COVID-19 data is showing that racialized communities are at a higher risk of virus infections, and it’s time the city shift strategies to address the imbalance, the Somerset West Community Health Centre (SWCHC) says. 

During a briefing with City of Ottawa councillors and officials, SWCHC director Naini Cloutier said Ottawa is experiencing a similar trend to what Toronto is experiencing when it comes to the imbalance, and those reports show that 66 per cent of COVID-19 in Ottawa are from racialized communities (in Toronto, it’s 83 per cent). 

“The structural inequities, the structural challenges that have been present for a long time have been coming to light during the pandemic,” she said. “[For example], when someone who doesn’t have the resources and work in low-income jobs — which is the case for the vast majority of racialized people — going to a fixed site can be challenging.
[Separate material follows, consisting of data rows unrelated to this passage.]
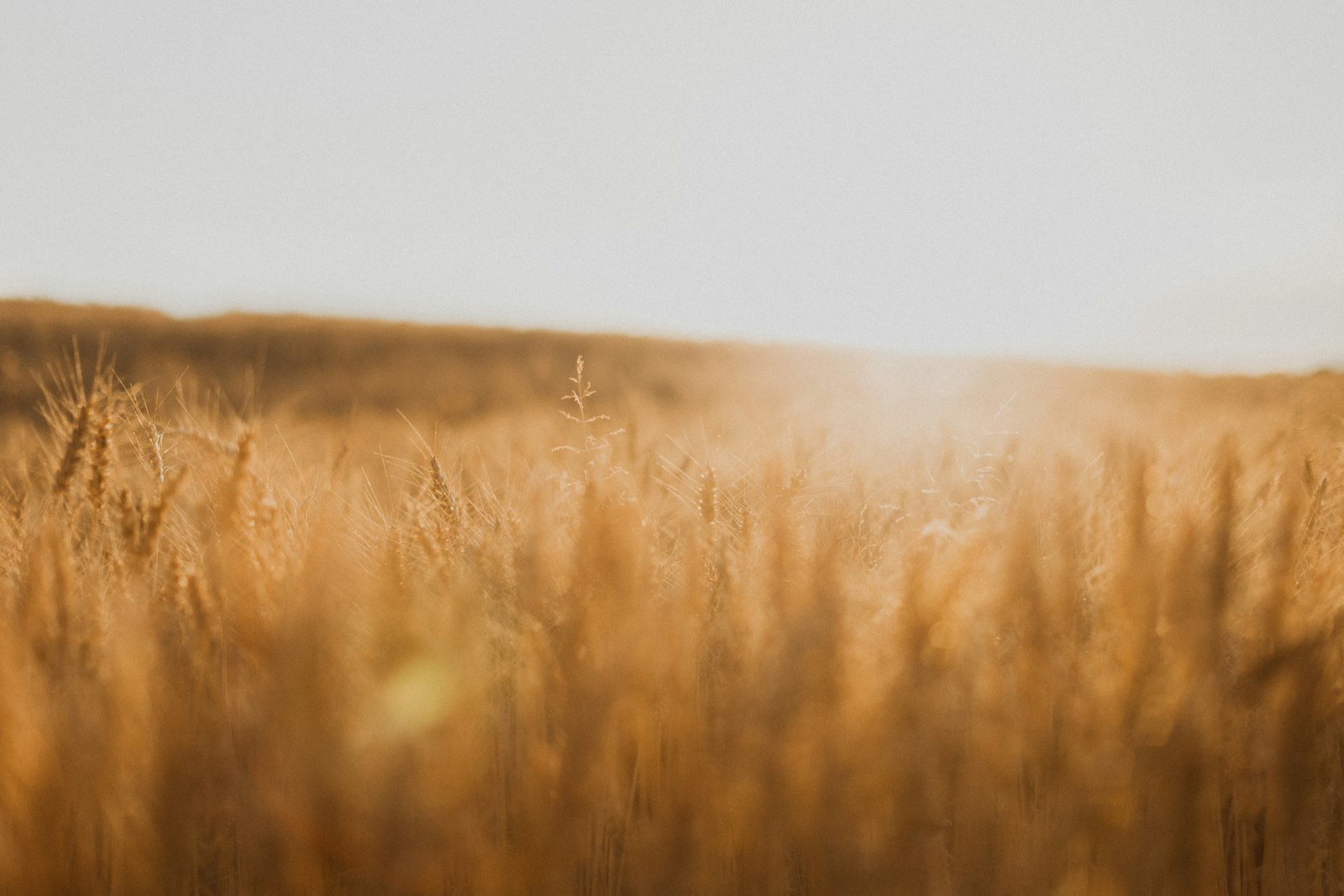 Stalks Are Not Bread: What “Dożynki” Demands Before You Call the Work Finished
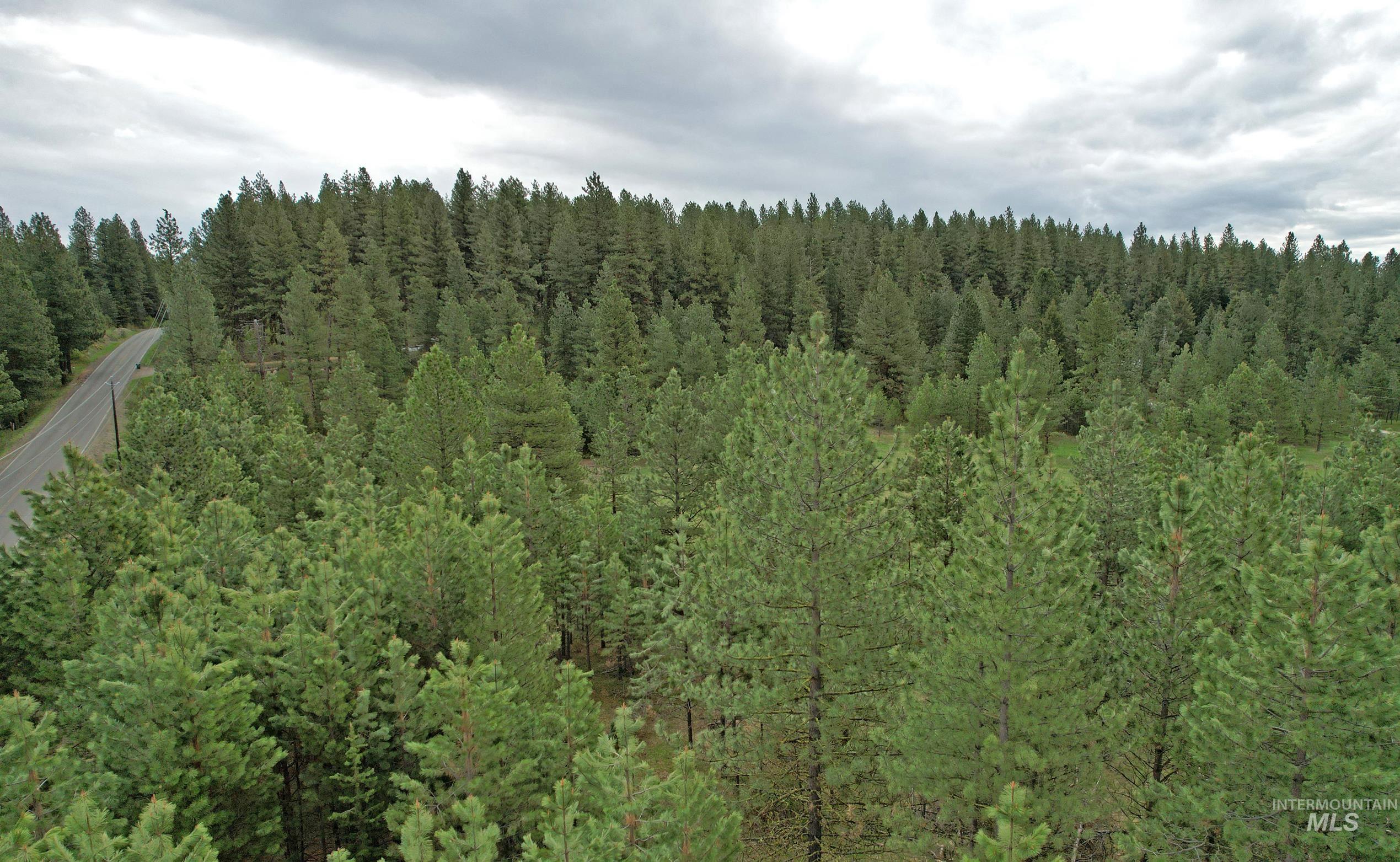 TBD 2 Elo Road, McCall, Idaho 83638, Land For Sale, Price $325,000, 98935491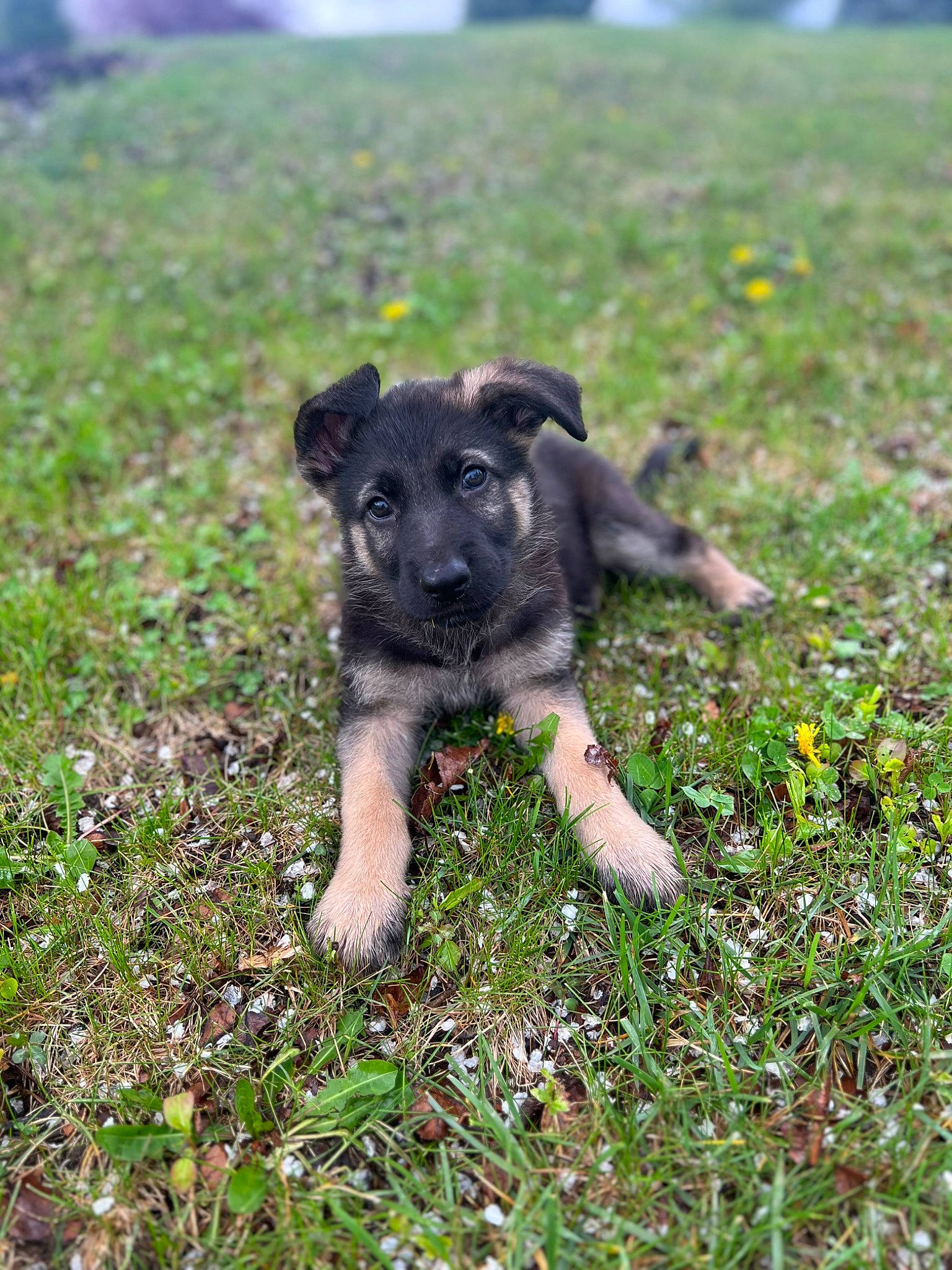 Athena joined the competition — help win amazing prizes! annual_plant, canidae, carnivore, companion_dog, dog, dog_breed, fawn, field, garden, grass, grassland, groundcover, pasture, plant, snout, soil, sporting_group, tail, terrestrial_animal, working_animal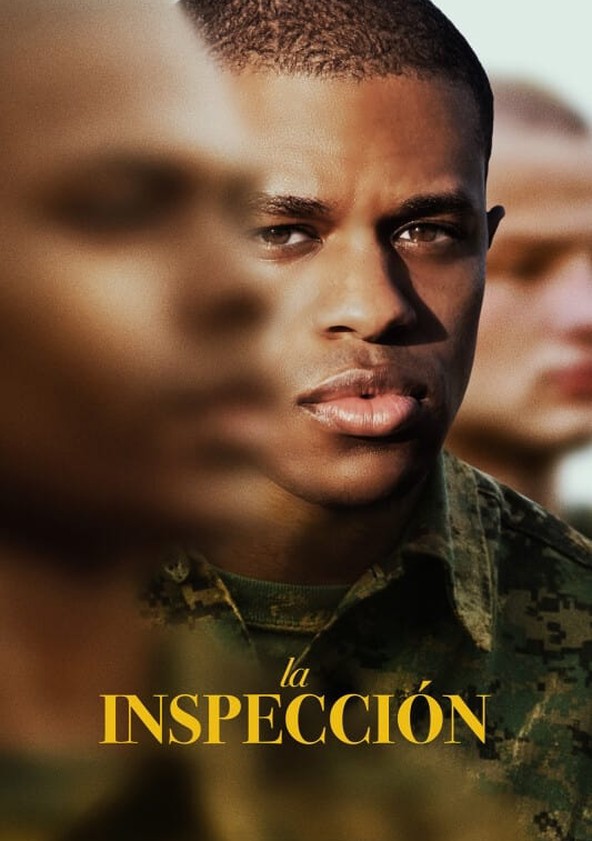 The Inspection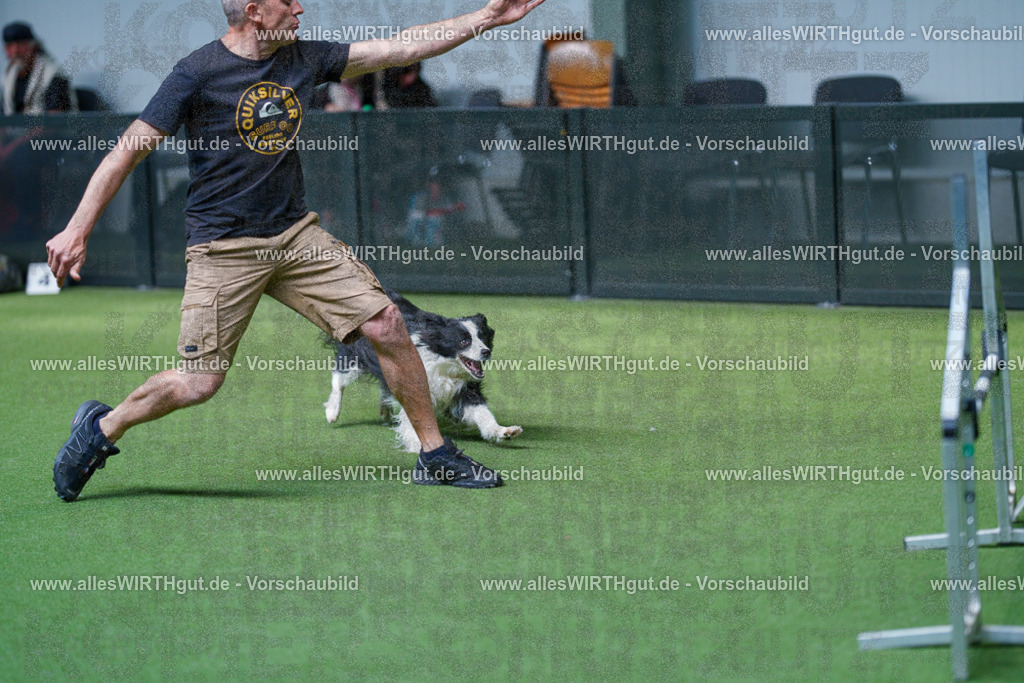@allesWIRTHgut_Tierfotografie - www.allesWIRTHgut.de - 2604261509-7R504669 | Professionelle Tierfotografie in Mönchengladbach von Daniel Wirth (allesWIRTHgut). Liebevolle & natürliche Bilder von Hunden & Katzen für unvergessliche Erinnerungen.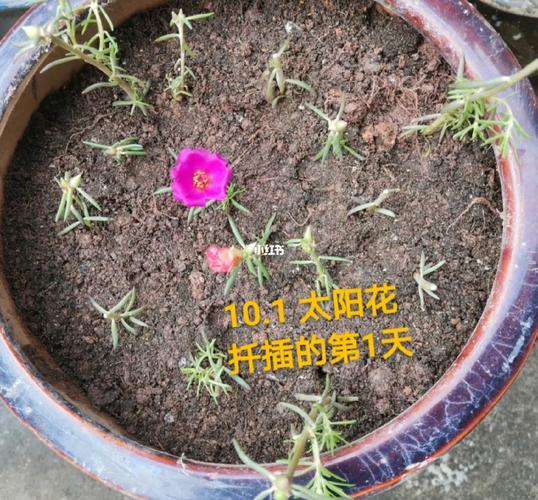 太阳花繁殖方式是什么,太阳花繁殖和栽培方法?-第4张图片-优品飞百科 太阳花繁殖方式是什么,太阳花繁殖和栽培方法?-第4张图片-优品飞百科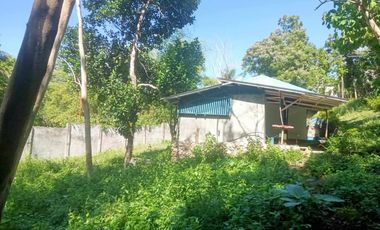 HOUSE AND LOT FOR SALE IN SAN JUAN, SIQUIJOR SIQ00167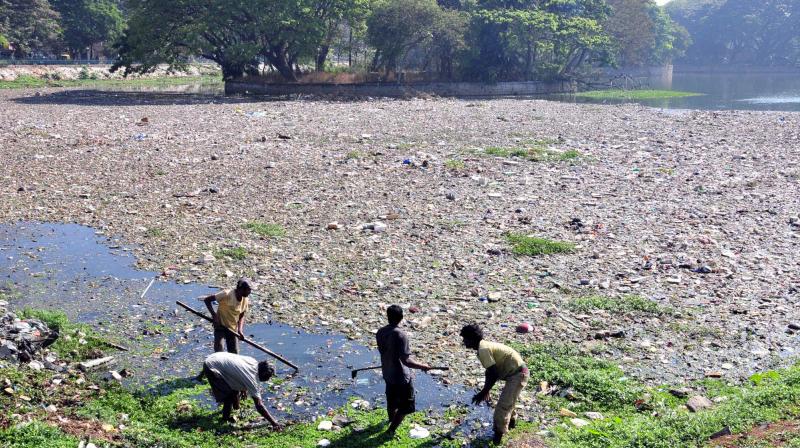 In this file photo, workers clean up Ulsoor Lake in Bengaluru
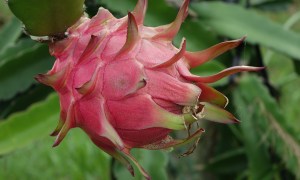 Ripe dragon fruit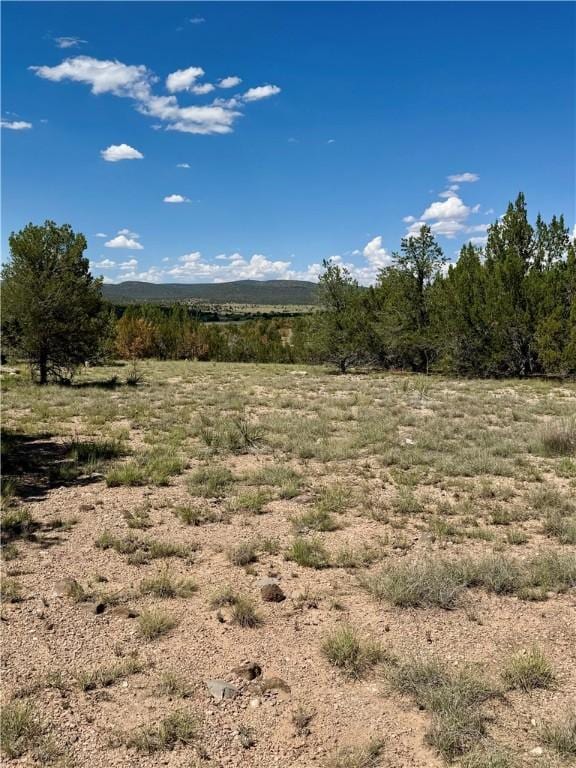 614 N Carson Trl, Seligman, AZ 86337 - photo 36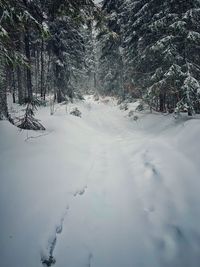 Snow covered land and trees on field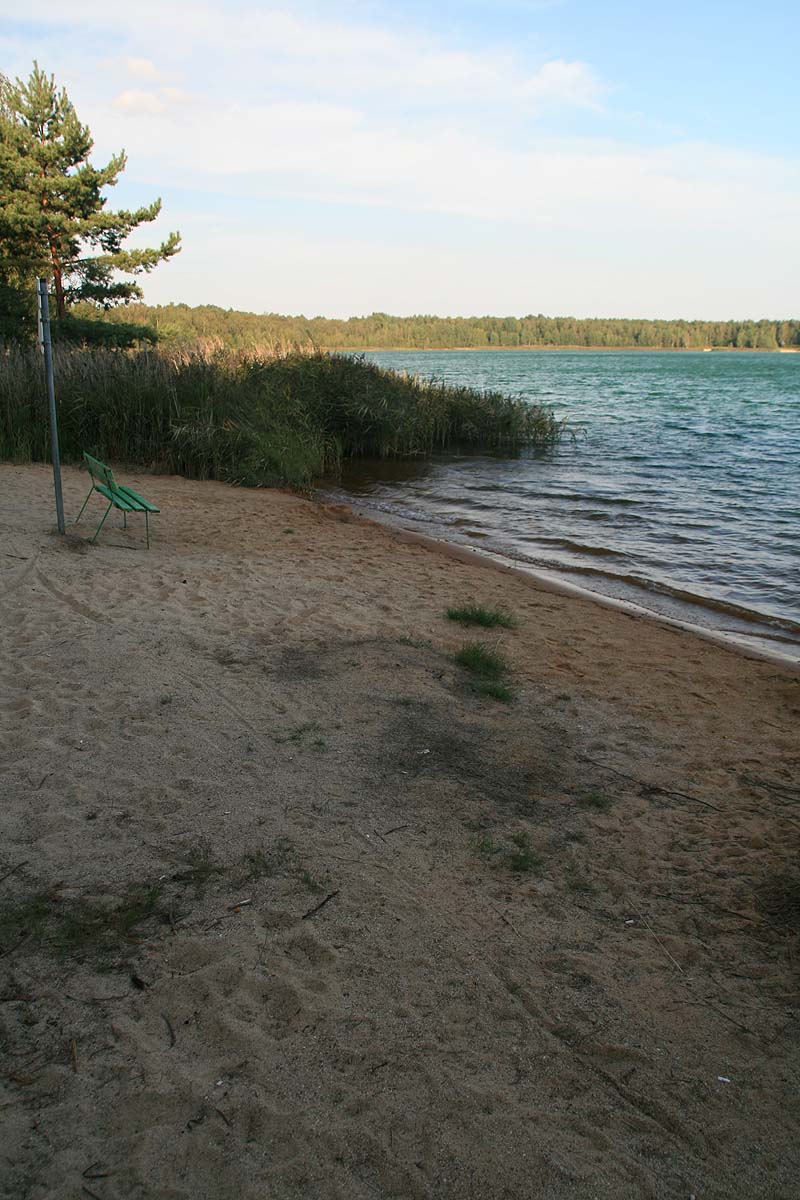 Grünewalder Lauch (Grünewalde, Brandenburg)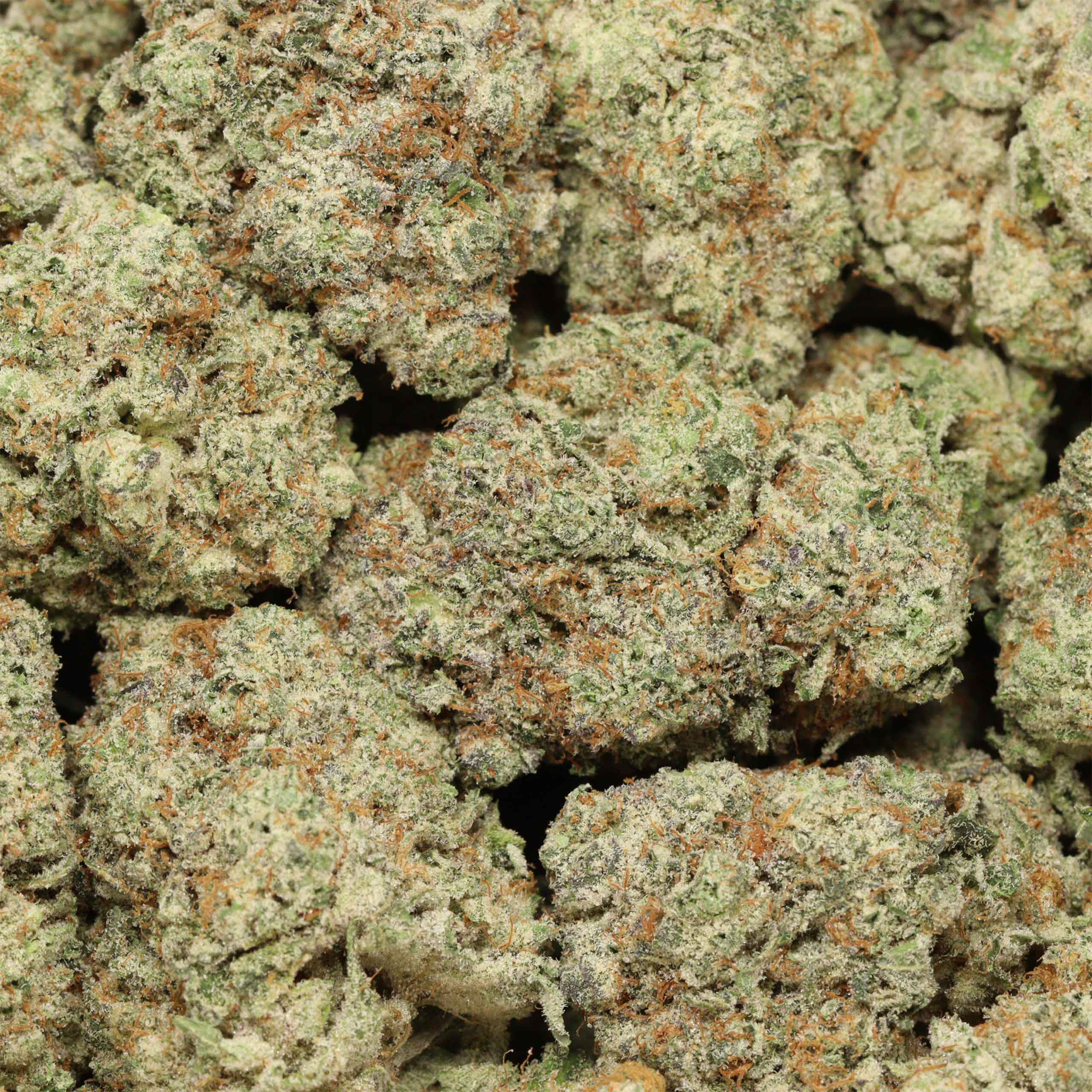 Quantum Kush AAAA+ Sativa Craft By Fore House - Image 3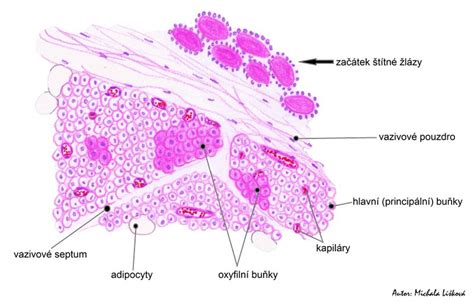 Histologický nákres žltého telieska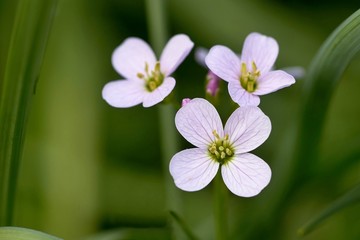Fototapeta premium White flower at the green background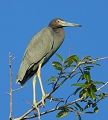 Aigrette bleue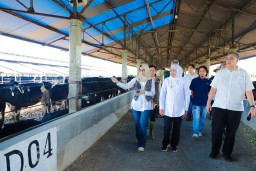 1.080 Sapi Perah Australia Tiba di Jatim, Gubernur Khofifah Optimistis Dongkrak Produksi Susu dan Ekonomi Lokal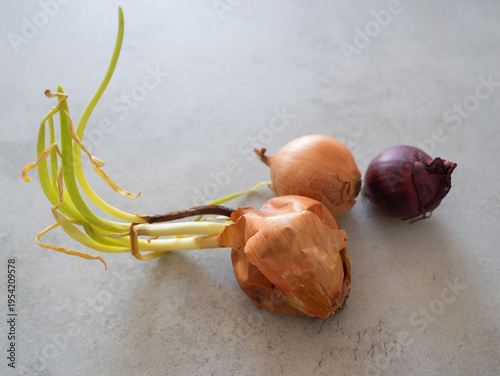 Tableau sur toile Close-up of various onions with fresh green sprouts and dry papery skin, gardening and planting concept, sustainable food and agricultural biology, detail of root vegetable development and diversity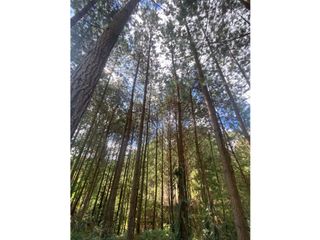 Foto 4 de Venta de Lote en parcelación cerrada en El Retiro, Antioquia
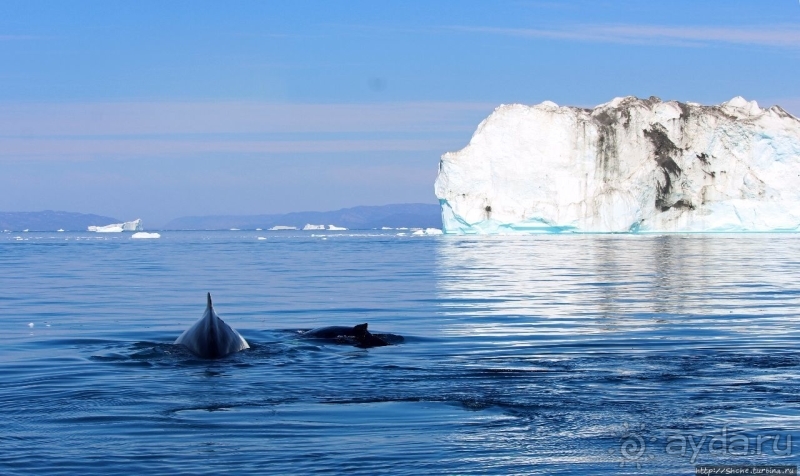 Бесконечность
If they have been tested positive, then the next step is isolation.”

So if someone is working a low-income job, access to food and money becomes an even bigger challenge when they’re told to recover from, and not leave, their home. 

Another aspect that makes this difficult is often dwellings occupied by racialized individuals are multi-generational, leaving the young, old and everyone in between at risk of exposure.

“We need to build capacity for self isolation and social distancing," Cloutier said. "An equal approach doesn’t work for everyone. What we’re saying is supporting the most vulnerable and most affected communities and reducing the COVID-19 incidence is an effective strategy, rather than a broad strategy.”

Cloutier adds that the intervention needs to be more than just available testing — more protection also needs to be put into place. 

“There needs to be an approach where the social determinants of health, employment, transportation, access to food, access to social distancing, housing, are all important,” she said. 

This includes three proposed steps:

  • First, a pathway for primary care providers that include assessing for those social determinants of health and social support risk flags, like employment, transportation and food
  • Second, Community support resources that include focused messages that speak to community experiences
  • And third, A strategic community priority testing team that will be able to respond to people and communities that are disproportionally hit by the virus

The centre says it is working with Ottawa Public Health data to identify and zero in on the most impacted communities and neighbourhoods to help come up with a plan.